Yet, our legal system decided that the Buffalo businessmen had been wronged by Disney.
I don't know all the details, so perhaps there's something that I missed -- but it seems to me that Disney was robbed.
04-19-2003, 01:54 PM
Wasn't the original award contested and overturned ? I thought I read that an undisclosed settlement then was reached but for a far lesser amount. Still means Disney lost though.
04-19-2003, 02:15 PM
Originally posted by KNWVIKING
Wasn't the original award contested and overturned ? I thought I read that an undisclosed settlement then was reached but for a far greater amount. Still means Disney lost though.
The $240 million jury award to the guys from Buffalo happened back in August 2000.
The September 26, 2002 article link (http://buffalo.bizjournals.com/buffalo/stories/2002/09/23/daily28.html) that I posted describes what happened after that.
04-19-2003, 02:26 PM
Yeah,that is the article I had read....and I corrected my earlier post...must of had a brain cramp.
04-19-2003, 05:04 PM
Originally posted by KNWVIKING
Anybody have the phone number to the law firm of Tony,Cheetum & How ?
I do have the phone number for Duey, Cheetum & How...
04-19-2003, 09:22 PM
What is the Epcot lawsuit?
04-19-2003, 09:55 PM
I totally agree with Werner!!!
But when a company has money like disney and their are numerous bottom feeding lawyers and stupid jurors a company like disney is always the target for easy money.
04-19-2003, 10:57 PM
In 1963, an artist submitted a design for a project dubbed "Miniture World" to the Walt Disney Studios but was declined.
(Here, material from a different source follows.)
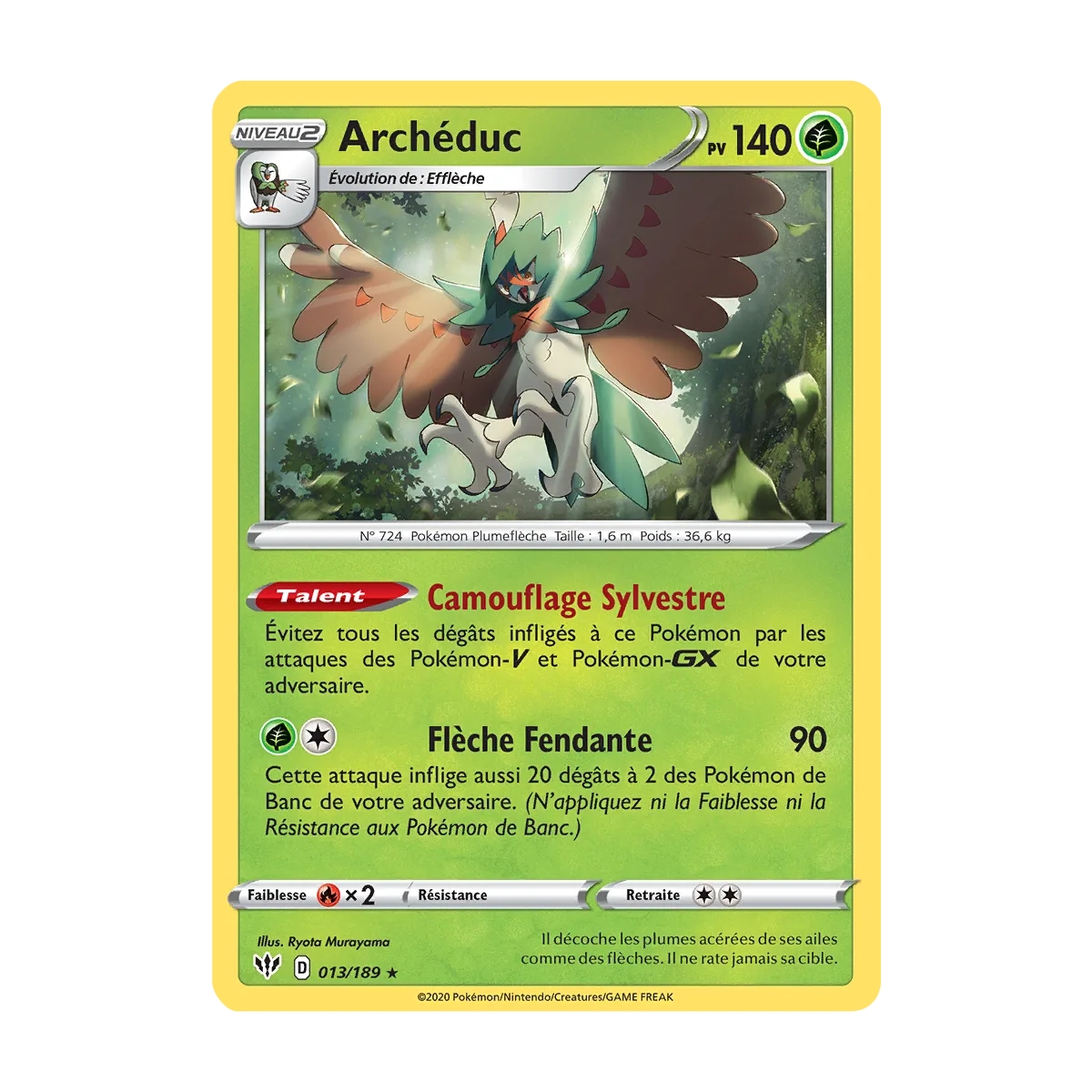 Archéduc 013/189 : Joyau Holographique rare de l'extension Pokémon Épée et Bouclier Ténèbres Embrasées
The Epcot that was ultimately built in 1982 shared with his design the geosphere near the entrance, the hourglass shape, and the lagoon surrounded by country pavilions.
Now the artist's heir is trying to get Disney to pay for using parts of his design without compensation.
Edit: I personally always thought that Epcot was largely inspired by Expo '67, some parts of which looked strikingly like Future World.
04-19-2003, 11:17 PM
In 1963, an artist submitted a design for EPCOT to the Walt Disney Studios but was declined.
That's not too accurate. The design was for "Minature Worlds" - it would have been a world's fair type park but the "pavillions" would have been miniature scale - I remember visiting a park with that idea in British Columbia back in the 70's.
The park that was ultimately built in 1982 shared with his design the geosphere near the entrance, the hourglass shape, and the lagoon surrounded by country pavilions.
Of course, the 1929 World's Fair had a perisphere, so that's hardly a unique feature.
Here's a link with a picture, and which notes some of the similarities:
Does anyone know when they made Brupark in Brussels?
04-20-2003, 07:36 PM
It was on Monday 26 October 1987 that the first brick was laid at Bruparck, on Brussels' Heysel plateau, at the foot of the Atomium.
I found this using your link.
Thanks!~ I kept looking around at that link but couldn't figure it out - I think the site is just too European for me...anyway...why isn't this a rip-off of the basic idea? Because it is such a broad idea, that's why - the same reason you can't put a trademark on a coffee mug.
04-20-2003, 08:58 PM
I think the site is just too European for me
Aren't they like the French only snootier?